Hepatic impairment: Following multiple doses of 80 mg of febuxostat in patients with mild (Child-Pugh Class A) or moderate (Child-Pugh Class B) hepatic impairment, the Cmax and AUC of febuxostat and its metabolites did not change significantly compared to subjects with normal hepatic function. No studies have been conducted in patients with severe hepatic impairment (Child-Pugh Class C).
Age: There were no significant changes observed in AUC of febuxostat or its metabolites following multiple oral doses of febuxostat in elderly as compared to younger healthy subjects.
Gender: Following multiple oral doses of febuxostat, the Cmax and AUC were 24% and 12% higher in females than in males, respectively. However, weight-corrected Cmax and AUC were similar between the genders. No dose adjustment is needed based on gender.
Toxicology: Preclinical safety data: Effects in non-clinical studies were generally observed at exposures in excess of the maximum human exposure.
Pharmacokinetic modelling and simulation of rat data suggests that, when co-administered with febuxostat, the clinical dose of mercaptopurine/azathioprine should be reduced to 20% or less of the previously prescribed dose in order to avoid possible haematological effects (see Precautions and Interactions).
Carcinogenesis, mutagenesis, impairment of fertility: In male rats, a statistically significant increase in urinary bladder tumours (transitional cell papilloma and carcinoma) was found only in association with xanthine calculi in the high dose group, at approximately 11 times human exposure. There was no significant increase in any other tumour type in either male or female mice or rats. These findings are considered a consequence of species specific purine metabolism and urine composition and of no relevance to clinical use.

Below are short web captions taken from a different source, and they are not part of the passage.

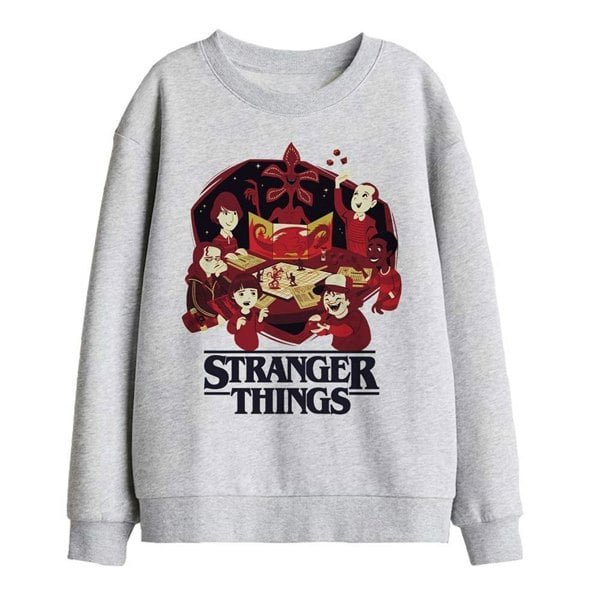 Stranger Things Kids Board Game Sweatshirt - Athletic Heather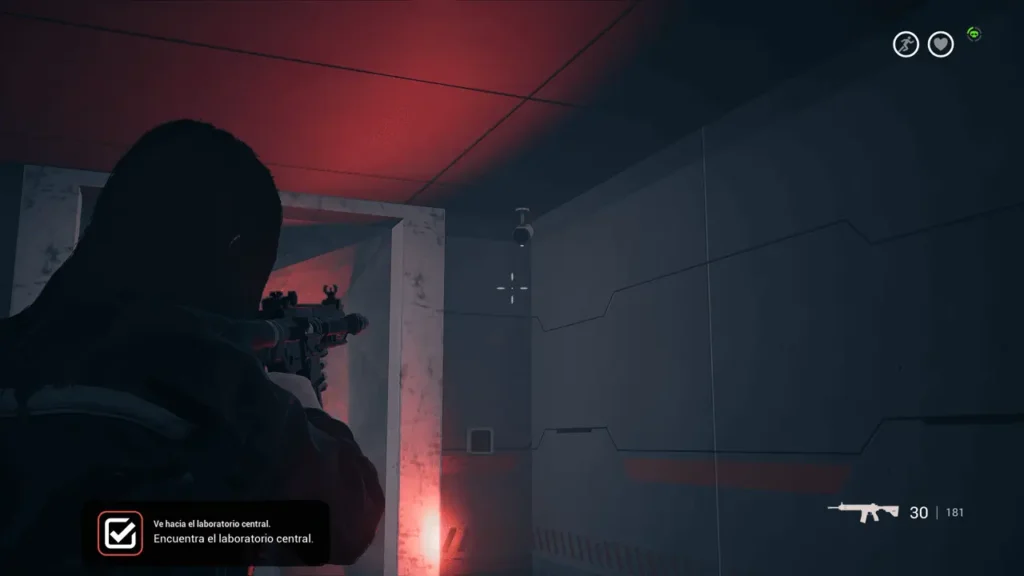 First camera location: right at the beginning, just turn around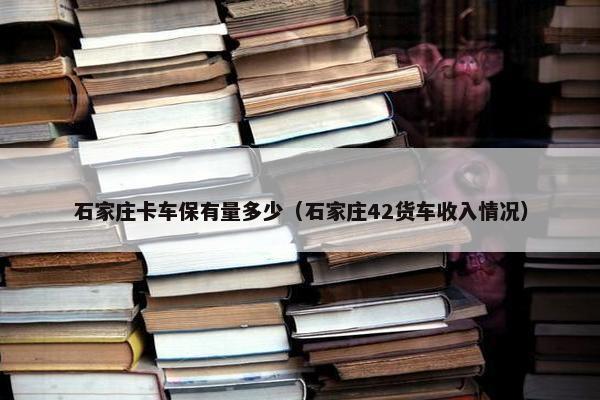 石家庄卡车保有量多少（石家庄42货车收入情况）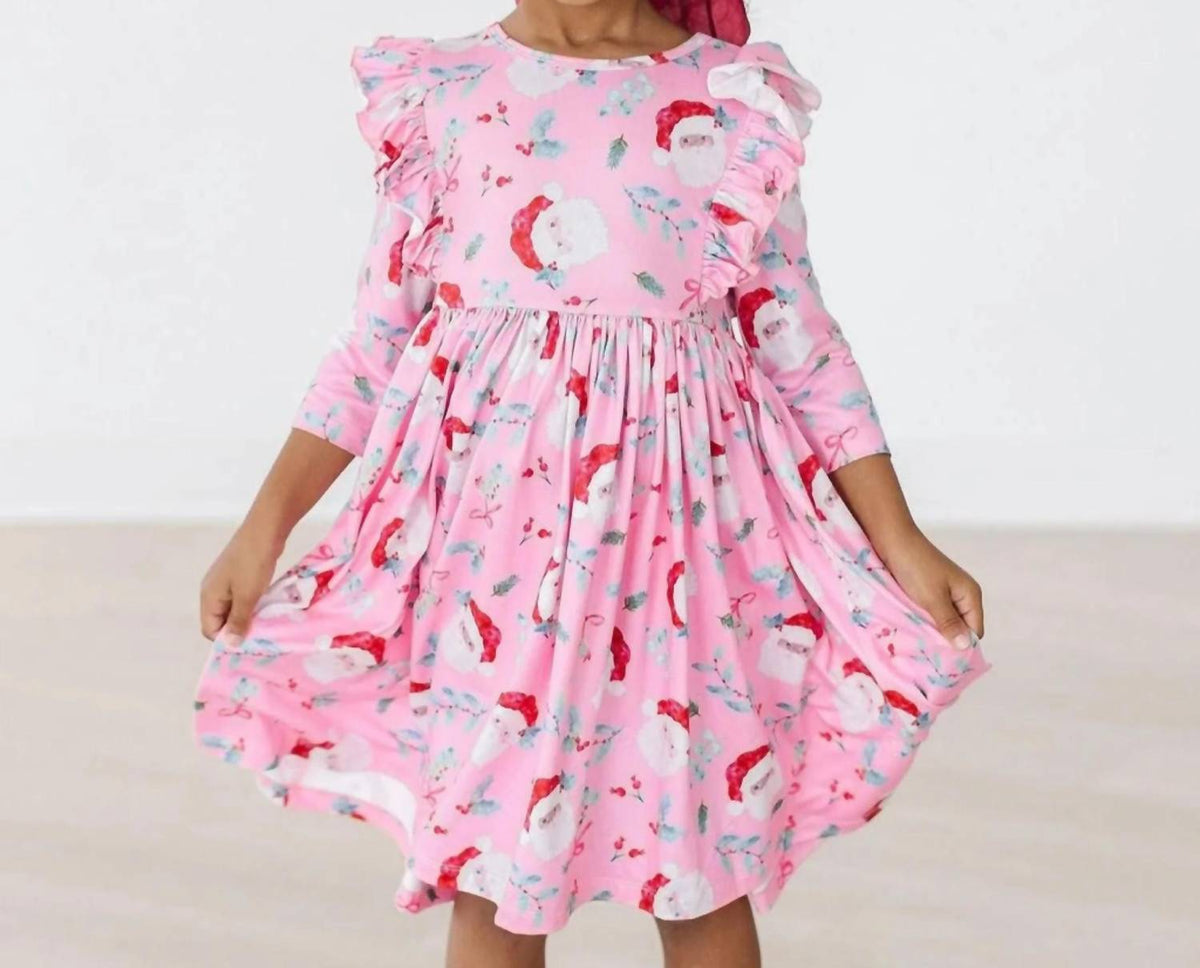 Mila & Rose - Three Quarter Sleeve Ruffle Twirl Dress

A standard battery of test for genotoxicity did not reveal any biologically relevant genotoxic effects for febuxostat.
Febuxostat at oral doses up to 48 mg/kg/day was found to have no effect on fertility and reproductive performance of male and female rats.
There was no evidence of impaired fertility, teratogenic effects, or harm to the foetus due to febuxostat. There was high dose maternal toxicity accompanied by a reduction in weaning index and reduced development of offspring in rats at approximately 4.3 times human exposure. Teratology studies, performed in pregnant rats at approximately 4.3 times and pregnant rabbits at approximately 13 times human exposure did not reveal any teratogenic effects.
Indications/Uses
Febuxostat is indicated for the treatment of chronic hyperuricaemia in conditions where urate deposition has already occurred (including a history, or presence of, tophus and/or gouty arthritis).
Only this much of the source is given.